Aug 26, 2024

The Trump Scam



Republican Donors, Do You Know Where Your Money Goes?

We long ago blew past any meaningful controls on political giving in American elections. Now we should focus on the rules governing political spending, which are in equally terrible shape. For that we can blame the Trump campaign and the federal government’s feeble enforcement efforts.

Anyone who has spent time reviewing Donald Trump’s campaign spending reports would quickly conclude they’re a governance nightmare. There is so little disclosure about what happened to the billions raised in 2020 and 2024 that donors (and maybe even the former president himself) can’t possibly know how it was spent.

Federal Election Commission campaign disclosure reports from 2020 show that much of the money donated to the Trump campaign went into a legal and financial black hole reportedly controlled by Trump family members and close associates. This year’s campaign disclosures are shaping up to be the same. Donors big and small give their hard-earned dollars to candidates with the expectation they will be spent on direct efforts to win votes. They deserve better.

During the 2020 election, almost $516 million of the over $780 million spent by the Trump campaign was directed to American Made Media Consultants, a Delaware-based private company created in 2018 that masked the identities of who ultimately received donor dollars, according to a complaint filed with the F.E.C. by the nonpartisan Campaign Legal Center.
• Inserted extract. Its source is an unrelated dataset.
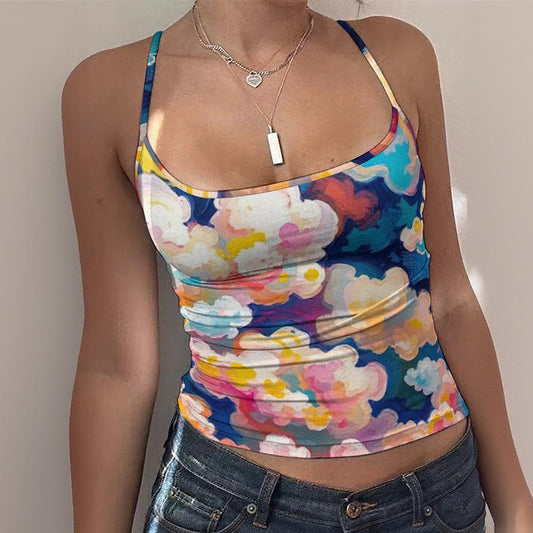 Women's Spaghetti Strap Tank Top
How A.M.M.C. spent the money was a mystery even to Mr. Trump’s campaign team, according to news reports shortly after the election.
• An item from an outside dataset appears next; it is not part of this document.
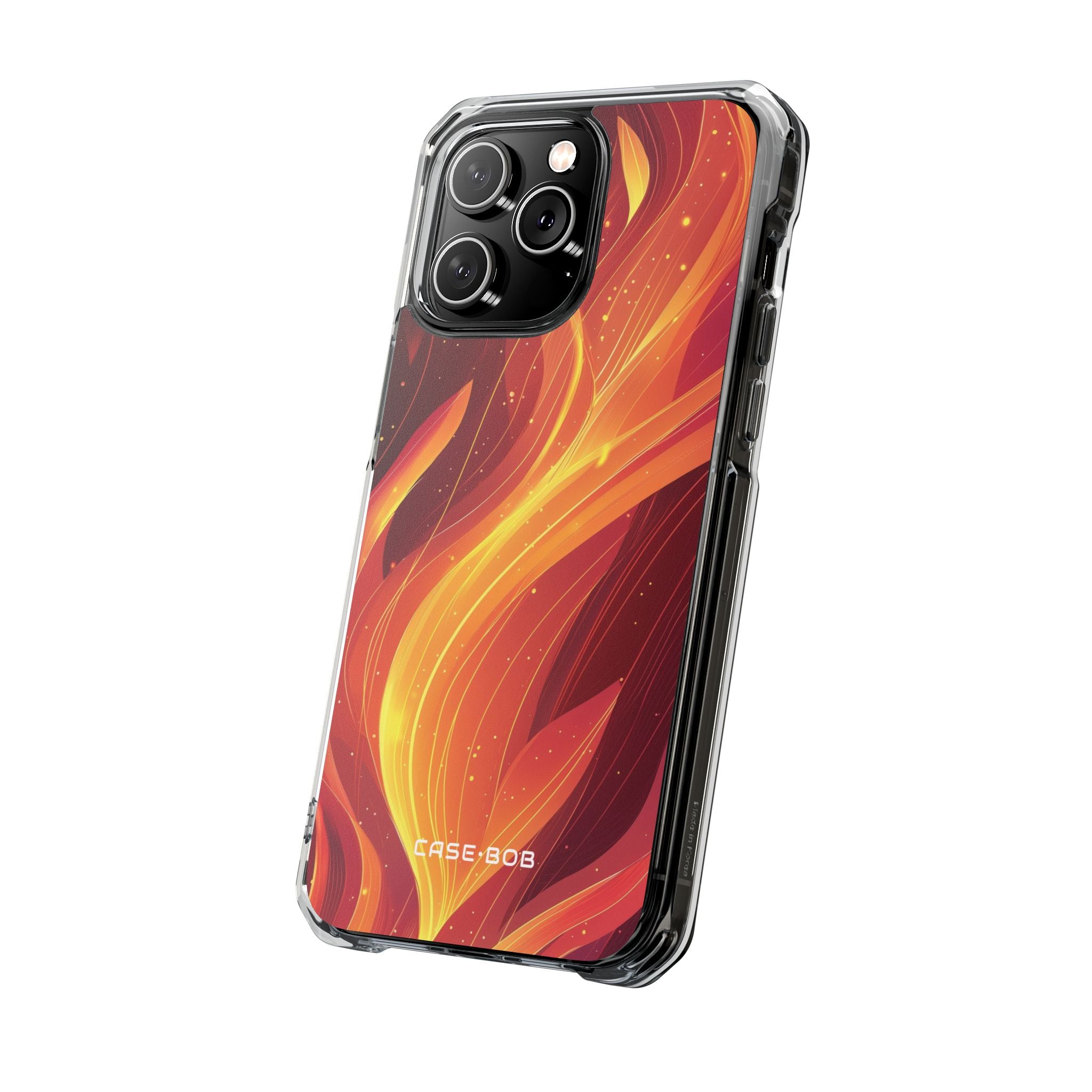 Flaming Flow iPhone 14 Pro Max Case - Impact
All but 18 of the 150 largest expenditures on a Trump campaign’s 2020 F.E.C. report went to A.M.M.C. None of the expenses were itemized or otherwise explained aside from anodyne descriptions including “placed media,” “SMS advertising” and “online advertising.” F.E.C. rules require candidates to fully and accurately disclose the final recipients of their campaign disbursements, which is usually understood to include when payments are made through a vendor such as A.M.M.C. This disclosure is intended to assure donors their contributions are used for campaign expenses. Currently, neither voters nor law enforcement can know whether any laws were broken.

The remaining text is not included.